To a large extent, Vermont’s history of municipal immunity and the governmental/proprietary distinction parallels the above history. Initially, municipal immunity seemed to have been presumed rather than declared in Vermont. In Baxter v. Winooski Turnpike Co., 22 Vt. 114, 123 (1849), this Court took it to be “well settled” that an individual could not maintain a tort action against a town unless a statute had conferred the right to maintain that particular action. In support of this common-law principle, the Court agreed with Russell “that it is better that an individual should sustain an injury, than that the public should suffer an inconvenience.” Id. at 123; see Welsh v. Village of Rutland, 56 Vt. 228, 234 (1883) (since Russell, settled common-law principle has been that individuals may not sustain actions against towns based on misconduct or nonfeasance of public officers).
Thirty-four years later, in Welsh, 56 Vt. at 234, this Court declared that the more “modern” ground supporting municipal immunity was “that these quasi corporations are mere instrumentalities for the administration of public government and the collection and disbursement of public moneys, raised by taxation for public uses, and which cannot lawfully be applied to the liquidation of damages caused by wrongful acts of their officers.” Applying this rationale, the Court concluded that general municipal immunity should extend only “so far as the acts done are governmental and political in their character and solely for the public benefit and protection,” but not for acts done pursuant to “private franchise powers.” Id. at 234-35; see Winn v. Village of Rutland, 52 Vt. 481, 491-92 (1880) (municipalities are not liable for damages based on conduct arising from municipalities’ *286state-imposed public duties, as opposed to conduct stemming from powers given in charter to benefit municipalities’ inhabitants). Ironically, some of the language in Welsh speaks in terms of immunizing only legislative, quasi-judicial or high-level planning and policy decisions, 56 Vt. at 234-35, but this reasonable approach was not followed there or in later cases. And so this Court commenced its much-maligned adherence to the governmental/proprietary dichotomy.

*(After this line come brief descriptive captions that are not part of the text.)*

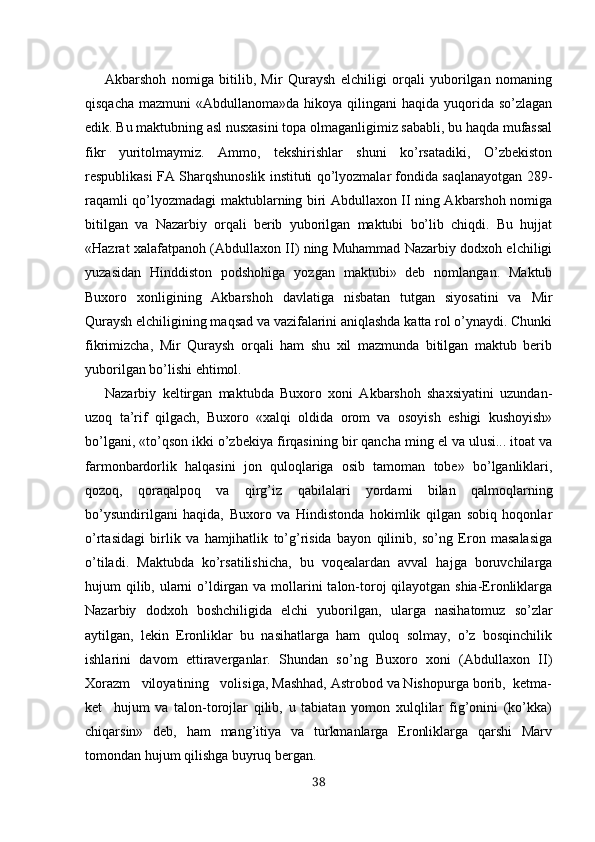 Akbarshoh   nomiga   bitilib,   Mir   Quraysh   elchiligi   orqali   yuborilgan   nomaning
qisqacha  mazmuni  «Abdullanoma»da hikoya qilingani  haqida yuqorida so’zlagan
edik. Bu maktubning asl nusxasini topa olmaganligimiz sababli, bu haqda mufassal
fikr   yuritolmaymiz.   Ammo,   tekshirishlar   shuni   ko’rsatadiki,   O’zbekiston
respublikasi FA Sharqshunoslik instituti qo’lyozmalar fondida saqlanayotgan 289-
raqamli qo’lyozmadagi maktublarning biri Abdullaxon II ning Akbarshoh nomiga
bitilgan   va   Nazarbiy   orqali   berib   yuborilgan   maktubi   bo’lib   chiqdi.   Bu   hujjat
«Hazrat xalafatpanoh (Abdullaxon II) ning Muhammad Nazarbiy dodxoh elchiligi
yuzasidan   Hinddiston   podshohiga   yozgan   maktubi»   deb   nomlangan.   Maktub
Buxoro   xonligining   Akbarshoh   davlatiga   nisbatan   tutgan   siyosatini   va   Mir
Quraysh elchiligining maqsad va vazifalarini aniqlashda katta rol o’ynaydi. Chunki
fikrimizcha,   Mir   Quraysh   orqali   ham   shu   xil   mazmunda   bitilgan   maktub   berib
yuborilgan bo’lishi ehtimol.
Nazarbiy   keltirgan   maktubda   Buxoro   xoni   Akbarshoh   shaxsiyatini   uzundan-
uzoq   ta’rif   qilgach,   Buxoro   «xalqi   oldida   orom   va   osoyish   eshigi   kushoyish»
bo’lgani, «to’qson ikki o’zbekiya  firqasining  bir  qancha  ming el va ulusi... itoat va
farmonbardorlik   halqasini   jon   quloqlariga   osib   tamoman   tobe»   bo’lganliklari,
qozoq,   qoraqalpoq   va   qirg’iz   qabila lari   yordami   bilan   qalmoqlarning
bo’ysundirilgani   haqida,   Buxoro   va   Hindistonda   hokimlik   qilgan   sobiq   hoqonlar
o’rtasidagi   birlik   va   hamjihatlik   to’g’risida   bayon   qilinib,   so’ng   Eron   masalasiga
o’tiladi.   Maktubda   ko’rsatilishicha,   bu   voqealardan   avval   hajga   boruvchilarga
hujum qilib, ularni o’ldirgan va mollarini  talon-toroj qilayotgan shia-Eronliklarga
Nazarbiy   dodxoh   boshchiligida   elchi   yuboril gan,   ularga   nasihatomuz   so’zlar
aytilgan,   lekin   Eronliklar   bu   nasihatlarga   ham   quloq   solmay,   o’z   bosqinchilik
ishlarini   davom   ettiraverganlar.   Shundan   so’ng   Buxoro   xoni   (Abdullaxon   II)
Xorazm   viloyatining   volisiga, Mashhad, Astrobod va Nishopurga borib,  ketma-
ket     hujum   va   talon-torojlar   qilib,   u   tabiatan   yomon   xulqlilar   fig’onini   (ko’kka)
chiqarsin»   deb,   ham   mang’itiya   va   turkmanlarga   Eronliklarga   qarshi   Marv
tomondan hujum qilishga buyruq bergan.
38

As in other jurisdictions, this Court early on encountered “considerable difficulty ... in drawing the line which separates governmental activities from those of a corporate or proprietary nature.” Farmer v. Poultney School Dist., 113 Vt. 147, 150, 30 A.2d 89, 91 (1943). Not surprisingly, our attempts to apply this doctrine have been fraught with artificial distinctions and inconsistent and inequitable results. See Marshall v. Town of Brattleboro, 121 Vt. 417, 423, 160 A.2d 762, 766 (1960) (application of doctrine has produced anomalous results); Town of Stockbridge v. State Hwy. Bd., 125 Vt. 366, 369, 216 A.2d 44, 46 (1965) (governmental/proprietary distinction is “not clearly defined” because basis of distinction is difficult to state and thus no established rule exists for determination of what belongs to which class). For instance, as our law stands now, relief may be obtained from towns (1) when the plaintiff is injured because of ice caused by a leaking water main, but not because of ice caused by water escaping from a fire hydrant during a routine thawing operation conducted by town firefighters, see Marshall, 121 Vt. at 423, 160 A.2d at 766; (2) when the plaintiff is injured during the construction of a public playground, but not during the operation of a mechanical rope ski tow in a municipal park, compare Lemieux v. City of St. Albans, 112 Vt. 512, 516, 28 A.2d 373, 375 (1942), with Marshall, 121 Vt. at 425, 160 A.2d at 767-68; and (3) when the plaintiff is injured while driving over a hole caused by the town’s repair of a sewer or water line, but not while driving over a hole caused by the town’s repair of a street, see Hudson v. Town of East Montpelier, 161 Vt. 168, 178 n.3, 638 A.2d 561, 567 n.3 (1993).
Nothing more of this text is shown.